### Problem to work on
Please transcribe exactly, and only, the lines of the data below between the line holding "Pohon brány PRWNG07" and the line holding "Florida Canned food", inclusive.

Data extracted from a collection
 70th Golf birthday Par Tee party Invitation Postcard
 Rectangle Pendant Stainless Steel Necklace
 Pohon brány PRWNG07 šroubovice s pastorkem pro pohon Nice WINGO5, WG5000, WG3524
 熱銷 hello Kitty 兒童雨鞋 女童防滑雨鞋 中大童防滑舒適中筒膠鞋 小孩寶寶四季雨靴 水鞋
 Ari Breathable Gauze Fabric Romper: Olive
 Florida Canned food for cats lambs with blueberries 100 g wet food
==
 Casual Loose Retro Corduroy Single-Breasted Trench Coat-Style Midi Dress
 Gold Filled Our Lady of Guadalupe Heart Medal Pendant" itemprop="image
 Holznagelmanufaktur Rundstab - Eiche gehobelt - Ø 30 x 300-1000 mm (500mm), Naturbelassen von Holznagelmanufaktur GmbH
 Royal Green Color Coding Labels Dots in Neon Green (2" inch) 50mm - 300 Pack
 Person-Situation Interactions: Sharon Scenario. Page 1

### Task result
 Pohon brány PRWNG07 šroubovice s pastorkem pro pohon Nice WINGO5, WG5000, WG3524
 熱銷 hello Kitty 兒童雨鞋 女童防滑雨鞋 中大童防滑舒適中筒膠鞋 小孩寶寶四季雨靴 水鞋
 Ari Breathable Gauze Fabric Romper: Olive
 Florida Canned food for cats lambs with blueberries 100 g wet food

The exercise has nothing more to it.